The NSW Government privatised Port Botany and Port Kembla in May 2013 and the agreements, known as Port Commitment Deeds, were entered into as part of the privatisation process, for a term of 50 years.
The Botany and Kembla Port Commitment Deeds oblige the State of NSW to compensate the operators of Port Botany and Port Kembla if container traffic at the Port of Newcastle is above a minimal specified cap.
The ACCC alleges that entering into each of the Botany and Kembla Port Commitment Deeds was likely to prevent or hinder the development of a container terminal at the Port of Newcastle, and had the purpose, or was likely to have the effect of, substantially lessening competition.
Another 50-year deed, signed in May 2014 when the Port of Newcastle was privatised, requires the Port of Newcastle to reimburse the State of NSW for any compensation paid to operators of Port Botany and Port Kembla under the Botany and Kembla Port Commitment Deeds.
The ACCC alleges that the reimbursement provision in the Port of Newcastle Deed is an anti-competitive consequence of the Botany and Kembla Port Commitment Deeds, and that it makes the development of a container terminal at Newcastle uneconomic.
“The compensation and reimbursement provisions effectively mean that the Port of Newcastle would be financially punished for sending or receiving container cargo above a minimal level if Port Botany and Port Kembla have spare capacity. This makes development of a container terminal at the Port of Newcastle uneconomic,” Mr Sims said.
“We are taking legal action to remove a barrier to competition in an important market, the supply of port services, which has significant implications for the cost of goods across the economy, not just in New South Wales.
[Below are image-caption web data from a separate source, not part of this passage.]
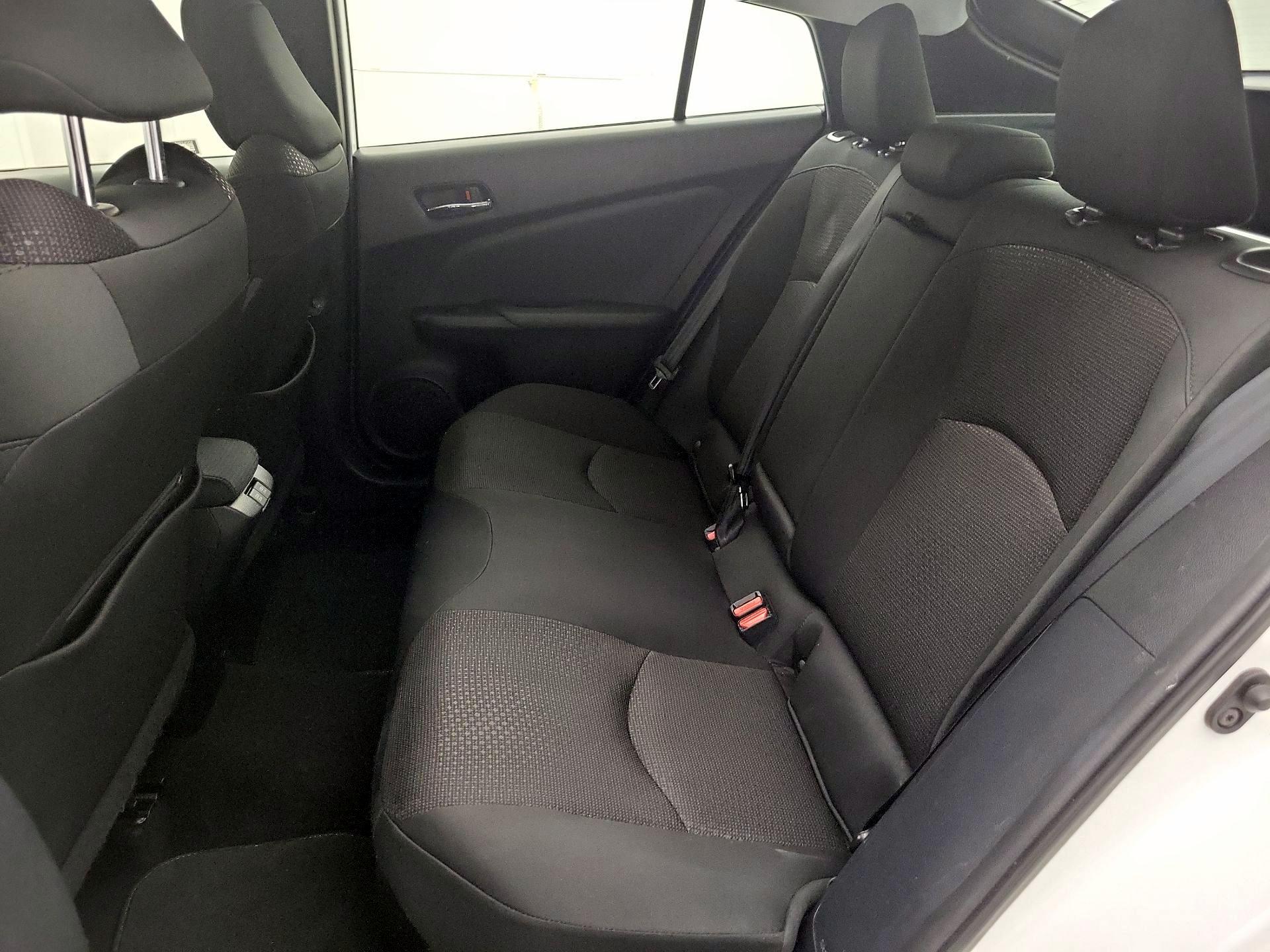 Thumbnail: 2021 Toyota Prius - 18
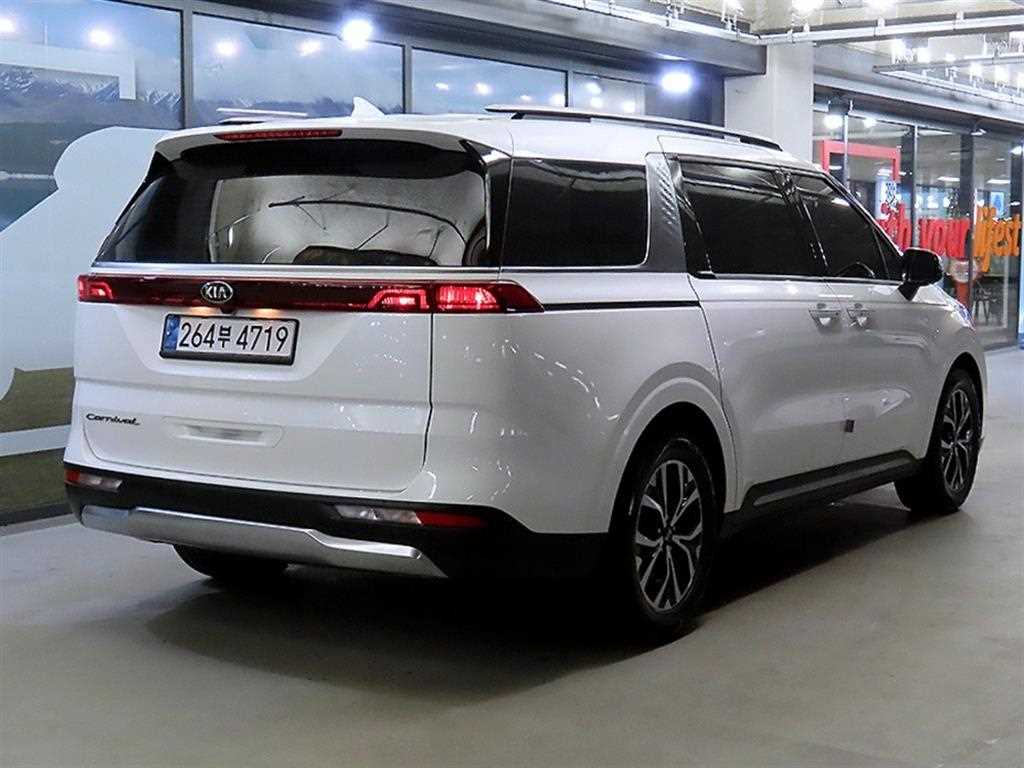 KIA Carnival - Vista 4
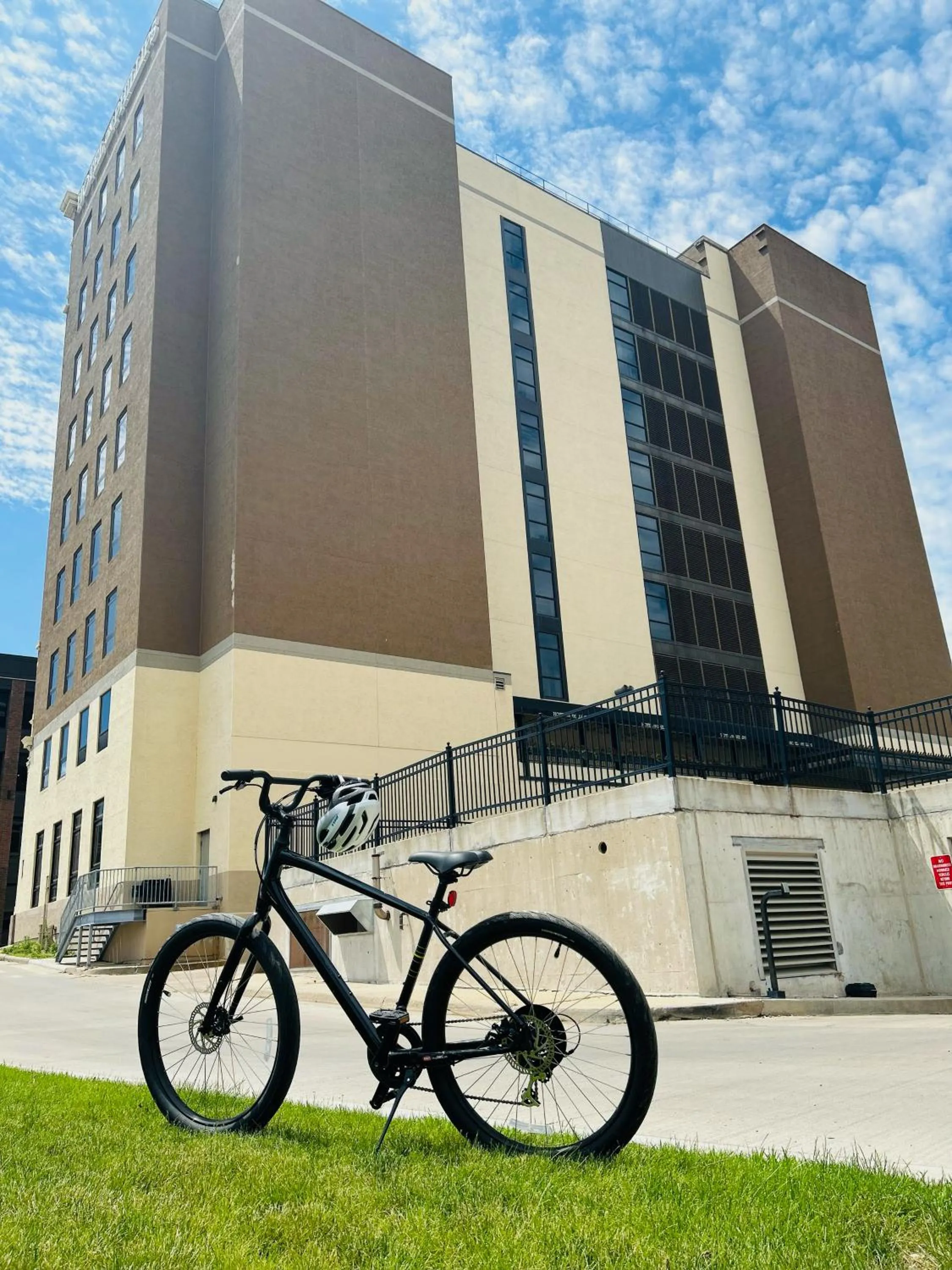 Cycling in Hotel On Phillips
The impact of any lessening of competition is ultimately borne by consumers.”
“If a competing container terminal cannot be developed at the Port of Newcastle, NSW Ports will remain the only major supplier of port services for container cargo in NSW for 50 years.”
“I have long voiced concerns about the short-term thinking of state governments when privatising assets and making decisions primarily to boost sales proceeds, at the expense of creating a long-term competitive market,” Mr Sims said.
“These anti-competitive decisions ultimately cost consumers in those states and impact the wider economy in the long term.”
The ACCC is seeking declarations that the compensation provisions in the 2013 Port Commitment Deeds contravene the Competition and Consumer Act 2010 (CCA), injunctions restraining the operators of Port Botany and Port Kembla from seeking compensation under these provisions, pecuniary penalties and costs.
The CCA only applies to the conduct of state governments in certain limited circumstances. The State of NSW is not currently a party to the ACCC’s proceedings and the ACCC is not seeking orders against the state.
Port Botany Operations Pty Ltd is the operator of Port Botany. Port Kembla Operations Pty Ltd is the operator of Port Kembla. Both are subsidiaries of NSW Ports Operations Hold Co Pty Ltd. All are all entities within the NSW Ports group and all are parties to the 2013 Port Commitment Deeds.
Port Botany is currently the only port in NSW with dedicated container terminal facilities. Port Botany had a container throughput of approximately 2.7 million twenty foot equivalent container units (TEU) for FY17/18.
Port Kembla has handled approximately 1,600 TEU per year since it was privatised in 2013.
The Port of Newcastle has handled approximately 10,000 TEU per year since it was privatised in 2014.
Under the 2013 Port Commitment Deeds, it was agreed the State of New South Wales would pay compensation to the operators of Port Botany and Port Kembla if container traffic at the Port of Newcastle exceeded a cap of 30,000 TEU per annum (adjusted by an annual growth rate).
The compensation to be paid by the State of New South Wales to the operators of Port Botany and Port Kembla is equivalent to the wharfage fee the port operators would receive if they handled the containers.
Container traffic at the Port of Newcastle has not yet exceeded the specified cap, and therefore no payments have been made by the state under the 2013 Port Commitment Deeds.
NSW Ports responds to the ACCC
NSW Ports has issued the following statement:
NSW Ports notes the ACCC announcement that it has instituted proceedings in the Federal Court in relation to the 2013 Port Commitment Deeds.
NSW Ports firmly believes that the agreements (including provisions of the 2013 Port Commitment Deeds) signed with the NSW Government, to lease its assets at Port Botany and Port Kembla, operate in the best interests of all stakeholders, the economy and people of NSW.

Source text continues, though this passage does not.